It's now almost two weeks after Election Day, and so far only one of the six principal decision desks (NBC's) has called Missouri for John McCain. I'm not quite sure why the others have been so slow to follow. The situation for several days has been as follows:
Unofficial results in Missouri show McCain winning by about 4,900 votes. There are about 6,300 provisional ballots statewide that county officials are still reviewing. Counties must send final results to the state by Nov. 18.So, yes, there are believed to be more provisional ballots outstanding than the margin between John McCain and Barack Obama. Obama could do quite well among these provisional ballots ... provisional ballots almost always tend to favor Democrats, and a large fraction of Missouri's provisionals are reportedly in St. Louis, Obama's strongest part of the state.
Even if Obama were to win 80 percent of the provisionals, however -- which seems exceptionally optimistic -- he still would net only 3,780 votes, leaving him about 1,000 shy of McCain. Moreover, some provisional ballots are in fact illegitimate, cast by voters who are not properly registered, etc. The rules of thumb I have seen are that somewhere between one-half and two-thirds of provisional ballots usually hold up upon review. A more realistic scenario then is that two-thirds of the provisionals are counted and two-thirds of those go to Obama, in which case Obama would net about 1,400 votes, not nearly enough to close his gap with McCain.
In other words, in order for Obama to win Missouri, he'll need some source of votes apart from the provisional ballots. Mistakes are sometimes made in the vote-counting process, and Missouri doesn't finalize its count until Tuesday, so this is always possible. There's just no reason to think it's especially likely ... maybe John McCain is a 99% favorite to win Missouri but not a 99.9% favorite, and the networks usually want more like 99.9% certainty before they call a state.
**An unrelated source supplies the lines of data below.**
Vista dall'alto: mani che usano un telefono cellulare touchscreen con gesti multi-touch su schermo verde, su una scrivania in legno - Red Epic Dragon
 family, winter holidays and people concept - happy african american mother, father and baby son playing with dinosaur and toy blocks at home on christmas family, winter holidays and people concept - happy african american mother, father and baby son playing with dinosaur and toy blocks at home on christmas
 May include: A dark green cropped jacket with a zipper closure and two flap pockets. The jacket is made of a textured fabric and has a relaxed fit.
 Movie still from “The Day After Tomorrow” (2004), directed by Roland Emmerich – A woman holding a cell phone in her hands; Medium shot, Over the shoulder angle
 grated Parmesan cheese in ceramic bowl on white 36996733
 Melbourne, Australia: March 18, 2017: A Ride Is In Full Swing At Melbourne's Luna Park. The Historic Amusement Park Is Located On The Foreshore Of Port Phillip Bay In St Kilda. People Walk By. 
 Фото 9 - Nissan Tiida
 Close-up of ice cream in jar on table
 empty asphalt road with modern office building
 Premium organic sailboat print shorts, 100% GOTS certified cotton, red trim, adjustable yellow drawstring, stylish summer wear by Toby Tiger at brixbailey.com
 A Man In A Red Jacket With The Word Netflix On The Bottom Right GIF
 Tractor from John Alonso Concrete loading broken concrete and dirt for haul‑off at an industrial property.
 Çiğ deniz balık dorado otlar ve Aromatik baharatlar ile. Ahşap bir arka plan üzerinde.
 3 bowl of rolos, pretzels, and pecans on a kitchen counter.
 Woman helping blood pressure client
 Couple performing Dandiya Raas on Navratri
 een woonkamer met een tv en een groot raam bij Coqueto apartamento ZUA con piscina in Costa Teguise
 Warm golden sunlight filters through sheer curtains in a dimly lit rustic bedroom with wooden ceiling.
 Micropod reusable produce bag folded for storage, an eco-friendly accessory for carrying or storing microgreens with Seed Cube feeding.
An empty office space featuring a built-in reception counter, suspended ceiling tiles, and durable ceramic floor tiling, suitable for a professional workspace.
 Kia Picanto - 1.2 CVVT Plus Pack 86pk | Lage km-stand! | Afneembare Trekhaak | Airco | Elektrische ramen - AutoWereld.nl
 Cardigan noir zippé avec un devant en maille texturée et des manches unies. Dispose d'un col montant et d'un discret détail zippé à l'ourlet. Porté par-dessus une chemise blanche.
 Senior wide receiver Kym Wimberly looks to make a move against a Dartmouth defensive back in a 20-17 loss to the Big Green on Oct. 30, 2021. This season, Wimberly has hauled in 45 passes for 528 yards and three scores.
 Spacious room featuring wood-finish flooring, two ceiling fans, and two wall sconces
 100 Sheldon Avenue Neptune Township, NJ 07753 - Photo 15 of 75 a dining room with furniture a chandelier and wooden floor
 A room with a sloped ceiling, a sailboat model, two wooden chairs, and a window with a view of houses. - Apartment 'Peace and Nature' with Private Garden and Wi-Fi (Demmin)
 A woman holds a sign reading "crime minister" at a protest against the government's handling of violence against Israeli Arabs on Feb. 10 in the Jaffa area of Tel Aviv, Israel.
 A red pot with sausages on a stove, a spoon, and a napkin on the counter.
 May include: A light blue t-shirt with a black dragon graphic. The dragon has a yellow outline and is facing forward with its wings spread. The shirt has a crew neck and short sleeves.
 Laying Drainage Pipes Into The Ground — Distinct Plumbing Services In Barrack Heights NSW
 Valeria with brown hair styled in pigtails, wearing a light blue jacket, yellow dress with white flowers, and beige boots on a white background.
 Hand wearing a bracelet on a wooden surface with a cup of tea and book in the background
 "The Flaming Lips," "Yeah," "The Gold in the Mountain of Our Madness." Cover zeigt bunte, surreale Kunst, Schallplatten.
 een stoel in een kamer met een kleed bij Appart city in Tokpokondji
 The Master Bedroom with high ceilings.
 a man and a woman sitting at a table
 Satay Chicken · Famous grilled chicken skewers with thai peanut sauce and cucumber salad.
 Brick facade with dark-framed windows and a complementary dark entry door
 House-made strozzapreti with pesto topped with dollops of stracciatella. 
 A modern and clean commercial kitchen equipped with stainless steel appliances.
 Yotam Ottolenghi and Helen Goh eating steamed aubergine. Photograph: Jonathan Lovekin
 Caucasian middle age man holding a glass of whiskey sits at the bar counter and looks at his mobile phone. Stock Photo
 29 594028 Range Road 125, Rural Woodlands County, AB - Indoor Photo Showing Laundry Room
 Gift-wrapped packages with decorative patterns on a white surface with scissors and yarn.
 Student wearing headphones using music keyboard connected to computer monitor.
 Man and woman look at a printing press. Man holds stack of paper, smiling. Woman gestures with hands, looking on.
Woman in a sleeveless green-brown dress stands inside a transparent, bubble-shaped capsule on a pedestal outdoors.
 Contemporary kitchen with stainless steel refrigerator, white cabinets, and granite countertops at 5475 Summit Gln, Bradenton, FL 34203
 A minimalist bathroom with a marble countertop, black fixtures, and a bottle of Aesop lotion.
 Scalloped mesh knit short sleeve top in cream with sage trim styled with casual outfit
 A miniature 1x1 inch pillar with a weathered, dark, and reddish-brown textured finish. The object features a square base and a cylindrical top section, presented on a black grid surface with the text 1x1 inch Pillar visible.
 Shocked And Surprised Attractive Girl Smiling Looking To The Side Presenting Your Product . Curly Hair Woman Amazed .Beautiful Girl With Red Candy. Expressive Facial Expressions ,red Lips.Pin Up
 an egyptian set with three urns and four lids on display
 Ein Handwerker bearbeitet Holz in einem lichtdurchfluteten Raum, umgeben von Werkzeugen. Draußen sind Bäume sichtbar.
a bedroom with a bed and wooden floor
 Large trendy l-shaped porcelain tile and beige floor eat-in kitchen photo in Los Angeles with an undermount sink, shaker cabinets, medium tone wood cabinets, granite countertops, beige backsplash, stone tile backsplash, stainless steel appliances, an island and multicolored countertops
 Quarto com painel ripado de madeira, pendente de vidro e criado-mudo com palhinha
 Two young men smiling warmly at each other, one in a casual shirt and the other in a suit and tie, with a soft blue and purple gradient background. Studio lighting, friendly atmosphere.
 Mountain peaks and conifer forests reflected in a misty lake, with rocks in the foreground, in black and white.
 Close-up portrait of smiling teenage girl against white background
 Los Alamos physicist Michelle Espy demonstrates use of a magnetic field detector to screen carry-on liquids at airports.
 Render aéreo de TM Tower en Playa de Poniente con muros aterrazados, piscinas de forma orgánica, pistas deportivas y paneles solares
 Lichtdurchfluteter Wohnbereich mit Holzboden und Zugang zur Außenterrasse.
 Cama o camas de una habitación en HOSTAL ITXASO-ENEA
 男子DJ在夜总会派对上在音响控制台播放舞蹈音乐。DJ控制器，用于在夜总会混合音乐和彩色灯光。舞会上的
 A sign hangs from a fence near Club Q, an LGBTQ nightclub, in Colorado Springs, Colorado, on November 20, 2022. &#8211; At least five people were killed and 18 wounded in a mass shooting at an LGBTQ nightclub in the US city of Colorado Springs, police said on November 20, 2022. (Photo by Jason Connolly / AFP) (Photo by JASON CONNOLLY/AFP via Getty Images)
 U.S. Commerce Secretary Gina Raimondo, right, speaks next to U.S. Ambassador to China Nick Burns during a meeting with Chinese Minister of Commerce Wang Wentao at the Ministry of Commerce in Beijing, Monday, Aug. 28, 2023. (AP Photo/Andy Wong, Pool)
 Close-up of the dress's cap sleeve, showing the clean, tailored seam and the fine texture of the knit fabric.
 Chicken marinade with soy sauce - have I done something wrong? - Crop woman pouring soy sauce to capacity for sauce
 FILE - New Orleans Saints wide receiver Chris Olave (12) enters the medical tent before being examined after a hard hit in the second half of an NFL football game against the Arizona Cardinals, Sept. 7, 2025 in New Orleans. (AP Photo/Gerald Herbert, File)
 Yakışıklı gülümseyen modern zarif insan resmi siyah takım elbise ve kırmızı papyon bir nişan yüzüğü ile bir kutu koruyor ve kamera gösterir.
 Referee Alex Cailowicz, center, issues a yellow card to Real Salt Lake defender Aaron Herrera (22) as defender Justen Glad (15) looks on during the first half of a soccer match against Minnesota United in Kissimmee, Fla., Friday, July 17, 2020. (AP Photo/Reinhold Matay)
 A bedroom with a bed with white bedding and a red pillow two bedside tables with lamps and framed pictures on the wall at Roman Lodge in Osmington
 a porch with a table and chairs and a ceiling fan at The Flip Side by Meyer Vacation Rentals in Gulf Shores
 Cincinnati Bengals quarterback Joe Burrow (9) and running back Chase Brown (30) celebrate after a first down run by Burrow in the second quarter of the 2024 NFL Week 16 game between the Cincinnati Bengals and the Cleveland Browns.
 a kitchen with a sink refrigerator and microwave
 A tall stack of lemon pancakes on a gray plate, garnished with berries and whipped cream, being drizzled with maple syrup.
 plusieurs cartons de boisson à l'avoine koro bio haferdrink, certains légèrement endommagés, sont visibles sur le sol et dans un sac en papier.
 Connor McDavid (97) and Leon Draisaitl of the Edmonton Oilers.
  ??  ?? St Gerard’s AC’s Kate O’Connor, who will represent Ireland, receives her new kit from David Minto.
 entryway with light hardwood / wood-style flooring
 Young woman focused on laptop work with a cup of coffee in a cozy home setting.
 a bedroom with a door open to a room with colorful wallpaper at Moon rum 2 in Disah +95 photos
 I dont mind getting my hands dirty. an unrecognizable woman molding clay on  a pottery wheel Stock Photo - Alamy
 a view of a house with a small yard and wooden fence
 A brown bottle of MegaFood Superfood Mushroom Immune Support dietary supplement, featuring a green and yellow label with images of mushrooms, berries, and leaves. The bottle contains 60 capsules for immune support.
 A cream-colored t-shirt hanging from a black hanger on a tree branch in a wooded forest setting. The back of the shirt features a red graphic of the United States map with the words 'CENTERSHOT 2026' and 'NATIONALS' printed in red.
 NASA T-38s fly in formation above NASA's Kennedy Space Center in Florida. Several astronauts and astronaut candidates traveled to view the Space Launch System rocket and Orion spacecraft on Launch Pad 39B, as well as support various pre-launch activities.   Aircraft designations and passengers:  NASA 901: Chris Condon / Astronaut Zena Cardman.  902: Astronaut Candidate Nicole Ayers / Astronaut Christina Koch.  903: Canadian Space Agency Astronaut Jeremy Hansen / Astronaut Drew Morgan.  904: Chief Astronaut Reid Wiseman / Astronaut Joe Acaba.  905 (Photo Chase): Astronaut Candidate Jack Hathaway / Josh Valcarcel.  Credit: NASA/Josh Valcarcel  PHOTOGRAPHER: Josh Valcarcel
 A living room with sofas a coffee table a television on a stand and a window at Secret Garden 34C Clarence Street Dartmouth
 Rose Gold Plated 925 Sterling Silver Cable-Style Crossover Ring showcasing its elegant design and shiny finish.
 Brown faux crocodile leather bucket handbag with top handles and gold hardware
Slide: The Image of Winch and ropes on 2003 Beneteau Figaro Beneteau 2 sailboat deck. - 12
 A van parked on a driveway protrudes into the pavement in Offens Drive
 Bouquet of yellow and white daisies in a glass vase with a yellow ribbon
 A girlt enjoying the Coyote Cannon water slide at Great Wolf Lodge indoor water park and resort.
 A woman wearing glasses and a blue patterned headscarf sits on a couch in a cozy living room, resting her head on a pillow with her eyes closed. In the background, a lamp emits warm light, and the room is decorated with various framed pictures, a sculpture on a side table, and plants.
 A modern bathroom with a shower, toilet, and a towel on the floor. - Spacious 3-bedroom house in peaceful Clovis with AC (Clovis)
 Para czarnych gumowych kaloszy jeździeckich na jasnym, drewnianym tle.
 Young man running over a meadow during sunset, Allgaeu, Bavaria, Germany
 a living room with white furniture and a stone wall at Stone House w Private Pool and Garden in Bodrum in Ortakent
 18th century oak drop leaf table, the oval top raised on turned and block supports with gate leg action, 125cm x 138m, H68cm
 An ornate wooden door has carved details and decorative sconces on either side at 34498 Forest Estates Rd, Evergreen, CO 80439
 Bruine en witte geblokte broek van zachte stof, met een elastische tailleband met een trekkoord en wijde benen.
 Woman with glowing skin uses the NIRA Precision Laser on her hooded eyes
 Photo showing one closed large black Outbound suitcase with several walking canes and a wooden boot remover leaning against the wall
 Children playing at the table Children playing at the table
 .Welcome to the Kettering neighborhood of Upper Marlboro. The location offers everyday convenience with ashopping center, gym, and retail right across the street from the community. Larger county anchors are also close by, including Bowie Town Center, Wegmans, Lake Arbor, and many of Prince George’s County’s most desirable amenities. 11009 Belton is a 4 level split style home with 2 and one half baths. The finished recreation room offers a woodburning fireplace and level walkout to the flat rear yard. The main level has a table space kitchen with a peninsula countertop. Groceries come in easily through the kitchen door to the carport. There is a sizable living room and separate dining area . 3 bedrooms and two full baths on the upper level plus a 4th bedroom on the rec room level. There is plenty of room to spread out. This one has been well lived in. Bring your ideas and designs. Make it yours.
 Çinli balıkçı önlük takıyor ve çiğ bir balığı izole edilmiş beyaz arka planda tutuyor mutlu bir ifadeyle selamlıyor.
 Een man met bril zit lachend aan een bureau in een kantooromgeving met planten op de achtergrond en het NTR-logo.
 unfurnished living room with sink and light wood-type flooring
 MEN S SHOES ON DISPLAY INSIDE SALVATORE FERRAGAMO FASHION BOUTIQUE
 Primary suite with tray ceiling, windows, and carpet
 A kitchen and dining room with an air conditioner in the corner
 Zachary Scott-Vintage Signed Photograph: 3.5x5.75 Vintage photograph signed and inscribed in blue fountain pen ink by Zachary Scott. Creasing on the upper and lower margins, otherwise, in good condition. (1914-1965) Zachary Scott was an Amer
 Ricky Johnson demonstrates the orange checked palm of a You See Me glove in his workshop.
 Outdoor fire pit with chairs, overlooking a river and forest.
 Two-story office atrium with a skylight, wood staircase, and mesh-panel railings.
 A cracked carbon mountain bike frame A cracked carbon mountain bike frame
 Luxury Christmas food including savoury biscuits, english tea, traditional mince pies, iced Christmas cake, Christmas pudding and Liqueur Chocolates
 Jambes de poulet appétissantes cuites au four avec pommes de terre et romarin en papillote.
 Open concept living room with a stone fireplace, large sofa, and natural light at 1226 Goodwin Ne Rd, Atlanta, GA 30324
Now, Obama does have the right to request a recount in Missouri, provided that the margin is less than 1 point, which it obviously will be. But Claire McCaskill has said that he sees no point in doing so, and besides that, a margin of a few thousand votes is exponentially more difficult to make up in a recount (i.e. it's nearly impossible) than a margin of a few hundred votes, like we have in Minnesota.
Missouri may be having trouble coping with the fact that it's no longer the king of bellwether states, but in all likelihood it's just going to have to deal with ceding its title to Ohio or whatever.